In February 2009 the Vandenberg became the oldest pub in Forbes when the Albion hotel just 12 months older and just up the road was burnt down. It was the week of the annual Bedgerabong Races and the town was packed but fortunately no-one was staying there that night.

It was an amazing fire,” chimes in one of the locals, “ there was a howling southerly blowing but there wasn't a storm or anything and a bloke swore he saw lightning
hit the pub’s tower which was at the north end of the pub. So how the flames spread so fast against a wind like that was incredible.

The heritage listed building was beyond repair and a sculpture park has been created on its grave.   My hat’s off to the curator!
One of the biggest works is a rampant bull. I can’t help but wonder whether the artist was across Aussie slang and intended it to be a red steer or perhaps just a load of bull. Another work is a take on Rodin’s “The Thinker’.

Since then three other pubs in Forbes have closed leaving the town with six.

I pull out some old clippings about the pub and the Vandenbergs in the 1800’s and early 1900’s and Grant is across them all. Like some sort of poker game, he pulls out his own collection including
some totally new to me. Here’s a publican who fully embraces the story of his place and who acutely feels a sense of custody towards it.

He ducks out to get something and I turn to Craig who’s sitting next to me, his walking frame parked beside.  He’s probably nudging 50 or so and he’s “been busted up by horses, by bulls, by coming off second best at too many rodeos. I’m not too bad now – last year I was in a wheelchair but now I can drive and work.”
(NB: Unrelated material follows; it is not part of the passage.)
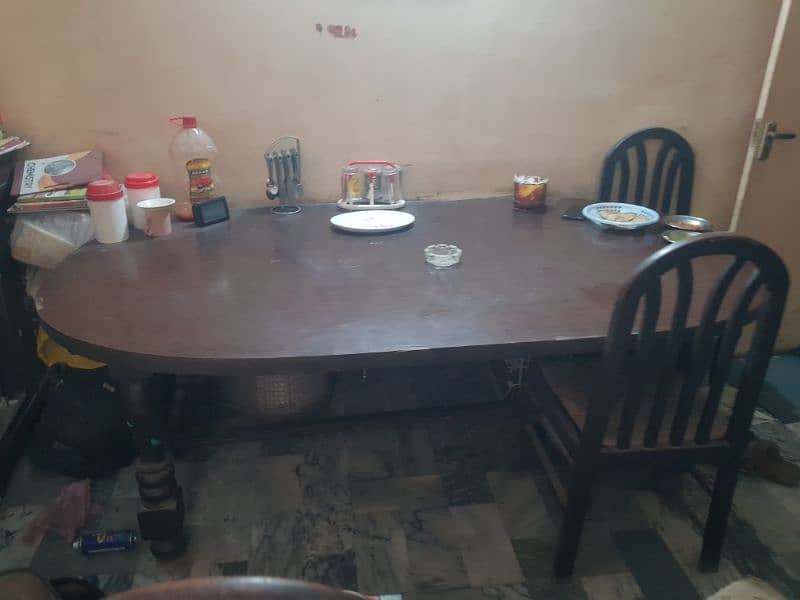 DINING TABLE WITH 4 CHAIR ! 3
I ask him the best way to get back to Sydney where I’m headed in the morning.

“Would you go via Canowindra and Carcoar?”

“Nah I wouldn't go that way.”

“Ah, so you’d head to Toogong and Orange, eh?’

“Nah I wouldn't go that way.”

“So which way would you go?”

“Ah,” he pauses, “I wouldn't go. I went there when I was around 19 and didn't like it. Couldn't see what the fuss was about.”

When Grant gets back he’s holding a silver trophy cup.  A few years back a letter arrived at the pub addressed simply to the ‘Publican’.  It was a letter from an old lady up near Surfers Paradise
and it had some photos of this cup which she’d bought at a garage sale about 20 years previously. The inscription showed it’d been presented by L. Vandenberg to the local cricket team in 1900.

Grant didn't trust the post so he jumped in his car and drove to Queensland, forked over 50 bucks (“I would’ve paid ten times that!”) and brought it back to its “only rightful place”.

The locals have evaporated and now I’m the only one in the bar, but even empty, the place has a homely feel. There’s no food on Sundays but the RSL is right next door and ‘if you want a feed, you’ve got to get there before 8.30,’ so I unload the bike and park it in the closeable walkway at the side of the pub.

Upstairs the rooms are exceptional for the price. Each has its own jug and brew makings, air-con plus a ceiling fan, electric blankets, television and most, like mine, open out onto the balcony from where Nellie Melba once sang.

There’re separate bathrooms and toilets for men and women although the water pressure is so weak it must be prostate affected.

In the morning I have a brew on the balcony and watch the sun slowly bathe the town hall just off to my right before heading out to the cemetery.


On the way back I stop at the house where the sprinkler is now showering plants inside the front fence, knock on the door and ask the elderly lady for a favour. Ask I hold the sprinkler head over my head and down my jacket, soaking every part of me, she tells me about what a great job Grant and Kim are doing at the pub and for the town.


She also tells me the common theory about the burning of the Albion but to print that here, like the possibility that Ben Hall is not under his headstone and like not maintaining and highlighting the crypt of the Vandenbergs, would be a grave mistake.